> _YOUR GOAL_: Would you output the listing exactly, with every image omitted?

> _DATA BELOW_:

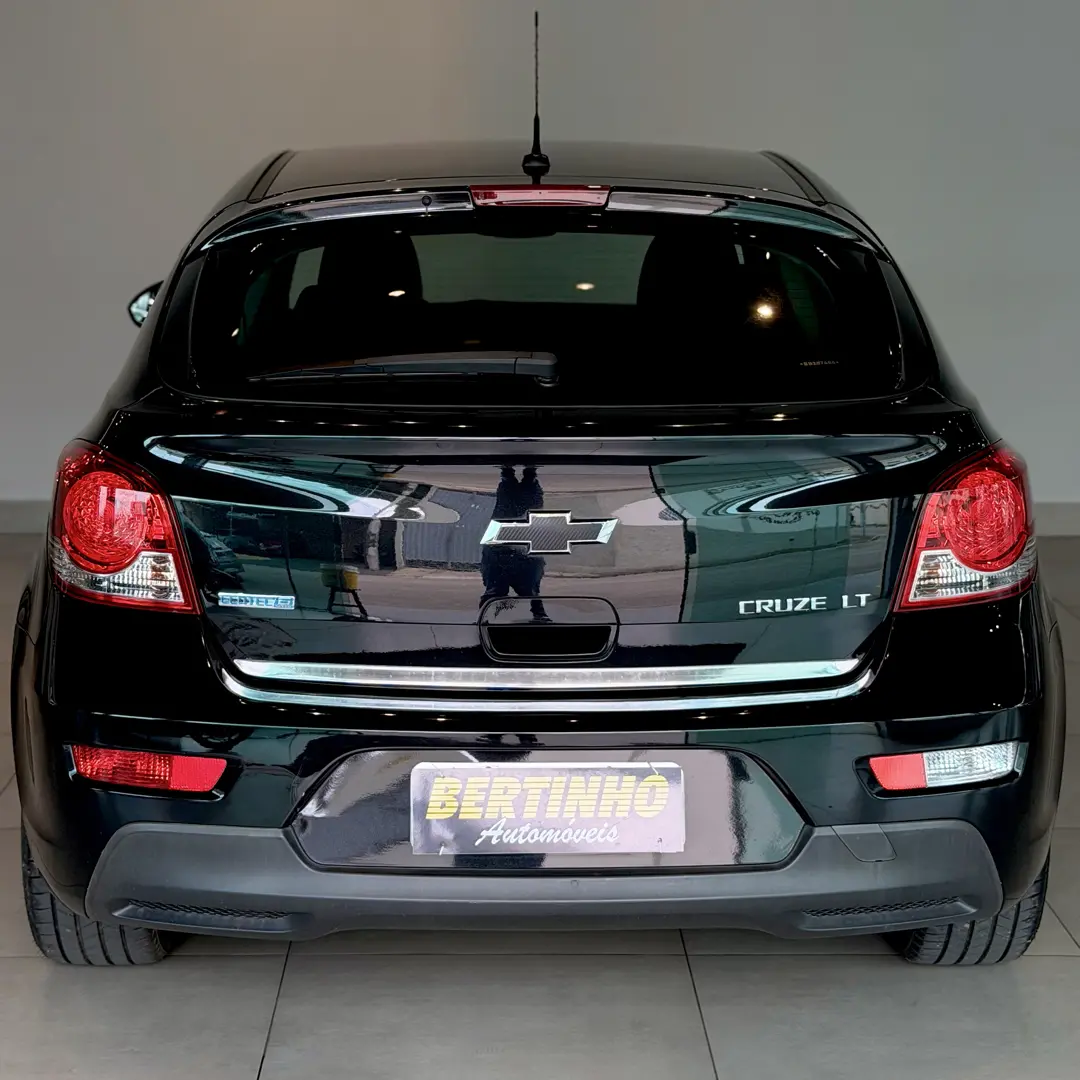 CHEVROLET Cruze Hatch - Foto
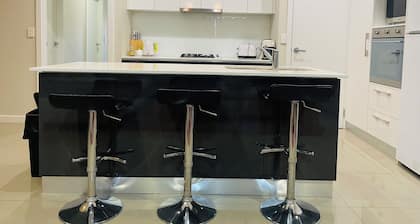 Queen Lizzy Townhouses - 6A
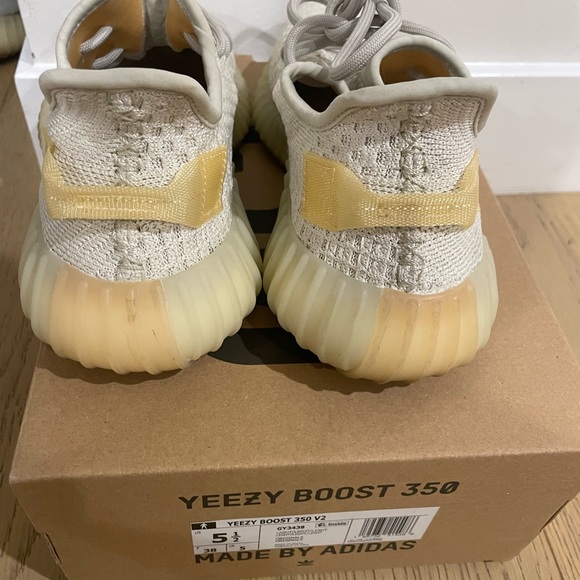 COPY - Yeezy Boost 350 V2 'Light' - Picture 6 of 9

> _RESPONSE AREA_:
 CHEVROLET Cruze Hatch - Foto
 Queen Lizzy Townhouses - 6A
 COPY - Yeezy Boost 350 V2 'Light' - Picture 6 of 9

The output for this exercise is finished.